**Prompt:** Please write out exactly the lines of the data below from the line holding "Kimi No Na Wa" through the line holding "Lululemon shorts", and leave out the rest.

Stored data
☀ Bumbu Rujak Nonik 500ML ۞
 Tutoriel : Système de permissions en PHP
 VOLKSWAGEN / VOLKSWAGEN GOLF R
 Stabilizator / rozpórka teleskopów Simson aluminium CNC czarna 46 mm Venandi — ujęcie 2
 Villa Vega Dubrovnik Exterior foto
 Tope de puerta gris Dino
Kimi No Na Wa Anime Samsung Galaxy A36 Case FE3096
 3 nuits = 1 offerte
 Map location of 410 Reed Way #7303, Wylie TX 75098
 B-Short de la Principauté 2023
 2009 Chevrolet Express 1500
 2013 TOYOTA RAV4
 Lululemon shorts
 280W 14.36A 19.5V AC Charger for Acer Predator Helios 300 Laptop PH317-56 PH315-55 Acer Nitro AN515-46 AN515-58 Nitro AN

**Task result:**
Kimi No Na Wa Anime Samsung Galaxy A36 Case FE3096
 3 nuits = 1 offerte
 Map location of 410 Reed Way #7303, Wylie TX 75098
 B-Short de la Principauté 2023
 2009 Chevrolet Express 1500
 2013 TOYOTA RAV4
 Lululemon shorts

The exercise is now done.